### Exercise data
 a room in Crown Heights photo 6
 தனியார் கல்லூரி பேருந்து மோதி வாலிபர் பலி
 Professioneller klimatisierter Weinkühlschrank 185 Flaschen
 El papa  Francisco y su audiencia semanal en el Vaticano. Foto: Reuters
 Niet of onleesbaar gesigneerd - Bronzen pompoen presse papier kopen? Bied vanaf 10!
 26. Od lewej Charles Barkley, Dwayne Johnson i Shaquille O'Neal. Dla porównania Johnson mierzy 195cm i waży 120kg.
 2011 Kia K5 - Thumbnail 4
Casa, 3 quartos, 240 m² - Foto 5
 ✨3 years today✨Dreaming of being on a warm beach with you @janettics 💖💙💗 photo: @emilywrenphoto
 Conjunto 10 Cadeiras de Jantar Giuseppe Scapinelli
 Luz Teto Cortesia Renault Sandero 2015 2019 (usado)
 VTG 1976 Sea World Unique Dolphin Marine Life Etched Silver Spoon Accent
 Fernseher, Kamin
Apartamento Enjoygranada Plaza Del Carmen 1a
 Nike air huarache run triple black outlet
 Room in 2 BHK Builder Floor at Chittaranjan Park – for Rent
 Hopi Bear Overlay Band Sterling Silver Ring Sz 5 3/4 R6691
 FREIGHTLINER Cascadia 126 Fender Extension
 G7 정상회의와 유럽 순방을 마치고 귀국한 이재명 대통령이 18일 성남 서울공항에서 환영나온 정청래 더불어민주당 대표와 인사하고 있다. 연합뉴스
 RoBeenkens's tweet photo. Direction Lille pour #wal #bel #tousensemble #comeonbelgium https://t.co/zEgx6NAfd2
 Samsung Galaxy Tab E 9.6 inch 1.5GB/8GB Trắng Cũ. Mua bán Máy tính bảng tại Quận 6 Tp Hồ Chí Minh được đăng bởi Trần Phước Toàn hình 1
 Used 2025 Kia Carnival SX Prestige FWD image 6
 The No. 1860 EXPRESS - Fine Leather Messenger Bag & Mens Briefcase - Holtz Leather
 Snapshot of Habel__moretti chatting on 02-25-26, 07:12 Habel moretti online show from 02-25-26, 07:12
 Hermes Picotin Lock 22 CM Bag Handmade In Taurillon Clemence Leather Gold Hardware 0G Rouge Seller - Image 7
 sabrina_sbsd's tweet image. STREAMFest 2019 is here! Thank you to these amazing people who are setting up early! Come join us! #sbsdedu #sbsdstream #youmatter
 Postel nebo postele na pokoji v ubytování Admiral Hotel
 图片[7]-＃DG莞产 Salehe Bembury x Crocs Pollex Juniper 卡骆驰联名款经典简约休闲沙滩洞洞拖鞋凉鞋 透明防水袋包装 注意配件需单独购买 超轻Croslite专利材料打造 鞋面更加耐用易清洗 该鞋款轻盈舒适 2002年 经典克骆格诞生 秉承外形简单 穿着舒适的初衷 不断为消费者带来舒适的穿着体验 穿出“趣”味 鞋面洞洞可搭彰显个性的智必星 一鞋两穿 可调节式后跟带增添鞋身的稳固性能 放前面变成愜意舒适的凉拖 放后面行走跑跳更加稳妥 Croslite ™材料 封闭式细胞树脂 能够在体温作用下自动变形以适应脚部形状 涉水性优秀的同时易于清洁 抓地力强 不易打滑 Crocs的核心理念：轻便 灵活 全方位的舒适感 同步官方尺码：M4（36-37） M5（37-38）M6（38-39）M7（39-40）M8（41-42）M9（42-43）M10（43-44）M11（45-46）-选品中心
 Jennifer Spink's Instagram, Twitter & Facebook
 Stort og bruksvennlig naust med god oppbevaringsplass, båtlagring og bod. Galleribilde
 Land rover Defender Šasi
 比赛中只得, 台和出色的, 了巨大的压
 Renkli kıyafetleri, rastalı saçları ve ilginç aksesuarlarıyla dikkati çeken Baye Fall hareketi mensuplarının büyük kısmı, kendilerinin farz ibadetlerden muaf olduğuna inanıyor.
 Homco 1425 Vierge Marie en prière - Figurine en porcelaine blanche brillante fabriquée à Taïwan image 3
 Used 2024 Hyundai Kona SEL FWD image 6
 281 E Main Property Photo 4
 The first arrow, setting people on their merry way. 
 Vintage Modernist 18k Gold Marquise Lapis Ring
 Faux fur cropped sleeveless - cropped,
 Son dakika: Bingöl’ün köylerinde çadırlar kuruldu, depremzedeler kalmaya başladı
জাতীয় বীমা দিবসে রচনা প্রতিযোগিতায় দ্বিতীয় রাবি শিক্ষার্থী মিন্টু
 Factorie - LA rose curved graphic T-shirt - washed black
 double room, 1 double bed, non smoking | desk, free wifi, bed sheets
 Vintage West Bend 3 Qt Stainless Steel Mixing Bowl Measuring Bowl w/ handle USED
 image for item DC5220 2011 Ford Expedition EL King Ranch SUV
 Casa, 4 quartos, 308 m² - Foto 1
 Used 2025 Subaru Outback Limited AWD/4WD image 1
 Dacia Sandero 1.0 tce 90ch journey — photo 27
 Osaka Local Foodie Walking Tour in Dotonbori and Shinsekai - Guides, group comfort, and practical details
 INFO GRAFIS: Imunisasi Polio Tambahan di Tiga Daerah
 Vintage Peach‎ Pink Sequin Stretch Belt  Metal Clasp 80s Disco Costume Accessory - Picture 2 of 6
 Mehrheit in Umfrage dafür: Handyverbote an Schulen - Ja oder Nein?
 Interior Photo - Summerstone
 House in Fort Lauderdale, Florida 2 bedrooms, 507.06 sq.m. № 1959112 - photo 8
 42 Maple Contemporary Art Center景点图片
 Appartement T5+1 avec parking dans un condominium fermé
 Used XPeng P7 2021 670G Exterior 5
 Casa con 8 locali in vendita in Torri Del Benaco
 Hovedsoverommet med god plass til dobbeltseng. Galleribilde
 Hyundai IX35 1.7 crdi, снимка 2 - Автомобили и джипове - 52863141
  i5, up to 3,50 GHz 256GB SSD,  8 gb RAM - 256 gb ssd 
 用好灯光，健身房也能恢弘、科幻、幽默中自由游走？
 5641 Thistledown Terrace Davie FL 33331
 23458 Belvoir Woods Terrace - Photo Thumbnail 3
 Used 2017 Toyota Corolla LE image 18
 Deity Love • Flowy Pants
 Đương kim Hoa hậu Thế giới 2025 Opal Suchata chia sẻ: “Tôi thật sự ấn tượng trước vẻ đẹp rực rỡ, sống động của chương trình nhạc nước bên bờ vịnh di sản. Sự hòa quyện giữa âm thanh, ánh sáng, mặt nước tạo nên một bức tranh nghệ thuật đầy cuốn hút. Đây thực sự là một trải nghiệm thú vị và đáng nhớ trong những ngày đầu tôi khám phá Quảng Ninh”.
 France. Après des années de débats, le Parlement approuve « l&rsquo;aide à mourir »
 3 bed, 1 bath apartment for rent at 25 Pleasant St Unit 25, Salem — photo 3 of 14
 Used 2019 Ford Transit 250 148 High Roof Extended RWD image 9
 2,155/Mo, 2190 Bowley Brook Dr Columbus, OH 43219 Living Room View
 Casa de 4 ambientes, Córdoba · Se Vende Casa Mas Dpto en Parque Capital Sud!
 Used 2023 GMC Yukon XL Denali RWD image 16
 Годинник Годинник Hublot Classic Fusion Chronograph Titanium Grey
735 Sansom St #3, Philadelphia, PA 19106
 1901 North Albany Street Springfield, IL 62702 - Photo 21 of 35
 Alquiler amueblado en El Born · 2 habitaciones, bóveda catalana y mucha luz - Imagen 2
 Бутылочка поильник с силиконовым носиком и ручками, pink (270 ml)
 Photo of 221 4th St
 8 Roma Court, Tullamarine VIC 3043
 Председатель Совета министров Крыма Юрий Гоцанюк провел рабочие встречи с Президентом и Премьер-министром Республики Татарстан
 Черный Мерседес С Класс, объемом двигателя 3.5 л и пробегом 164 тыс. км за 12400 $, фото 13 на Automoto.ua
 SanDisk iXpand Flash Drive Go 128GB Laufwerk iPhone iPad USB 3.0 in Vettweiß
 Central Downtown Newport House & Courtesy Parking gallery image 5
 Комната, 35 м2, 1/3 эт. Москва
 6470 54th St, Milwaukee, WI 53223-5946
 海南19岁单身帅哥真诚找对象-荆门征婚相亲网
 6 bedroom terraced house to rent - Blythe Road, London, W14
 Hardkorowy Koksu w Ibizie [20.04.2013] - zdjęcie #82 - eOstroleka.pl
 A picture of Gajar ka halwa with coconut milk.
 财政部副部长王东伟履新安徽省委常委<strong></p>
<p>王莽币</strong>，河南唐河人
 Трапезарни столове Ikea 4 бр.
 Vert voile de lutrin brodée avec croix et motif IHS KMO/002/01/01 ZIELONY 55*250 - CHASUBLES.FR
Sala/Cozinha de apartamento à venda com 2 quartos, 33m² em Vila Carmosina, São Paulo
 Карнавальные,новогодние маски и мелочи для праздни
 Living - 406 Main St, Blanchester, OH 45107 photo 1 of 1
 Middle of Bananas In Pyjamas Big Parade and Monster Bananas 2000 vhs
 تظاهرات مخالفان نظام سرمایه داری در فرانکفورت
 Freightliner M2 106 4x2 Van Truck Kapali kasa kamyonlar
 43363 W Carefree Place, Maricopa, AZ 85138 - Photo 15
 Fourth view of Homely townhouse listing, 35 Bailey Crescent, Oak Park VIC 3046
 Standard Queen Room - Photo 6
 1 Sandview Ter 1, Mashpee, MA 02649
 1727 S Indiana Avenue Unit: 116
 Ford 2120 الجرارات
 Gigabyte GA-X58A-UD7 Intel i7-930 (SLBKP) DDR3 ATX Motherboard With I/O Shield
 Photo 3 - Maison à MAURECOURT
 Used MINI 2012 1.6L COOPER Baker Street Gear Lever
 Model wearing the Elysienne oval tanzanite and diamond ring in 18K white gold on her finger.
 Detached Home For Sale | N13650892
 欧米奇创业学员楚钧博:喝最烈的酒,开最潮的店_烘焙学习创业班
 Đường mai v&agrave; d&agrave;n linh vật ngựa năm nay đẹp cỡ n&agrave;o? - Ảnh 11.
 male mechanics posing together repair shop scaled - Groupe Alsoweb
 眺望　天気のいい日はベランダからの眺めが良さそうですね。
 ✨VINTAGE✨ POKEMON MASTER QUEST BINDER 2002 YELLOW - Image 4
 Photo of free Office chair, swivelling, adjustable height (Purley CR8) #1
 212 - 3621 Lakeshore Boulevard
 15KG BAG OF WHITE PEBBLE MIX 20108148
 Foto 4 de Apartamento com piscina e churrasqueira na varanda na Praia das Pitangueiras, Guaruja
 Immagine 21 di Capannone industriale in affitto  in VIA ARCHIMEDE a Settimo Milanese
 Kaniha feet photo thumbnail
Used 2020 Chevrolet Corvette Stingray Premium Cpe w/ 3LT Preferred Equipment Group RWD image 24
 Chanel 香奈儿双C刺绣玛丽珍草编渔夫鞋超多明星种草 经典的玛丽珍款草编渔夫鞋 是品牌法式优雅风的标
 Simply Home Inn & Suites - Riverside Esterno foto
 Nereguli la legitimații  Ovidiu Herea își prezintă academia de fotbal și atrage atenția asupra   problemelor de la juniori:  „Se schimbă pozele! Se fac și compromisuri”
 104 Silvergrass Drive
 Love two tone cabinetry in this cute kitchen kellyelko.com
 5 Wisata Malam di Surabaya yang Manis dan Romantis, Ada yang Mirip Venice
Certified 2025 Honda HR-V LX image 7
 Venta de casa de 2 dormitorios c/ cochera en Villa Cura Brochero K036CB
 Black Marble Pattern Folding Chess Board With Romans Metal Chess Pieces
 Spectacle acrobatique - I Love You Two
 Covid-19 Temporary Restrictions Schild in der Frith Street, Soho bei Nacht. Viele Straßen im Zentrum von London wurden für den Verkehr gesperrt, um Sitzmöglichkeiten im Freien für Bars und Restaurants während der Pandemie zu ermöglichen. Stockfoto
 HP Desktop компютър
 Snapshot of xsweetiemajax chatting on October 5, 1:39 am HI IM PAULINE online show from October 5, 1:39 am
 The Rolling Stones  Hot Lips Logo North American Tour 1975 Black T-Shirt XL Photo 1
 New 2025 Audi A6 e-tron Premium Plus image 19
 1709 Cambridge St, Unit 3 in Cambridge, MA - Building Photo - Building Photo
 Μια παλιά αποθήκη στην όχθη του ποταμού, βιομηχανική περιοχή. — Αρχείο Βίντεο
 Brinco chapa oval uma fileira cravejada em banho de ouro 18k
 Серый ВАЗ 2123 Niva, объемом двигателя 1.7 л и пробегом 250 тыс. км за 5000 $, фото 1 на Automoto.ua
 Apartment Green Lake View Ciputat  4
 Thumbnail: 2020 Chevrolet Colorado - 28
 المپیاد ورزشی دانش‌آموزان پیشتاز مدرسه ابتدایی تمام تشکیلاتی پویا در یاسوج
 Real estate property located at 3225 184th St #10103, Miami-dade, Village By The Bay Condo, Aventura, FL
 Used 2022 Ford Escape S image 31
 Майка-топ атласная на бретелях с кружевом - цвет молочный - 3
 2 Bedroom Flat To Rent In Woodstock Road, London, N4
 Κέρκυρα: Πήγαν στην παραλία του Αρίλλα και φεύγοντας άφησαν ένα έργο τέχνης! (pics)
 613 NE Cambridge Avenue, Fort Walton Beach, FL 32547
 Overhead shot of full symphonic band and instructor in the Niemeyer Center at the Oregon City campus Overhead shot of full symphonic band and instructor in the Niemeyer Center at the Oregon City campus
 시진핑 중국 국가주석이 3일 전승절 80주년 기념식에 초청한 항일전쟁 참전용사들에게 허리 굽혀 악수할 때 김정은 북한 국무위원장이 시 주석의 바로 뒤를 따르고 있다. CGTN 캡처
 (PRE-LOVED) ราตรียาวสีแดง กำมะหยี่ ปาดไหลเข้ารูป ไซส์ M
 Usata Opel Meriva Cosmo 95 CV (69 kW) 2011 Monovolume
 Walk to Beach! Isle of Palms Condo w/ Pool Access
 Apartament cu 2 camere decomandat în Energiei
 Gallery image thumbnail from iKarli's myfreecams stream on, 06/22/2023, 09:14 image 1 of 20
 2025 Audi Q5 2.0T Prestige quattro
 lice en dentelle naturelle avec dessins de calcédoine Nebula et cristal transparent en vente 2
######
Activity: Using only the listing above, restate exactly the lines from the line containing "Certified 2025 Honda HR-V LX image 7" through the line containing "HP Desktop компютър", both included.

Solution:
Certified 2025 Honda HR-V LX image 7
 Venta de casa de 2 dormitorios c/ cochera en Villa Cura Brochero K036CB
 Black Marble Pattern Folding Chess Board With Romans Metal Chess Pieces
 Spectacle acrobatique - I Love You Two
 Covid-19 Temporary Restrictions Schild in der Frith Street, Soho bei Nacht. Viele Straßen im Zentrum von London wurden für den Verkehr gesperrt, um Sitzmöglichkeiten im Freien für Bars und Restaurants während der Pandemie zu ermöglichen. Stockfoto
 HP Desktop компютър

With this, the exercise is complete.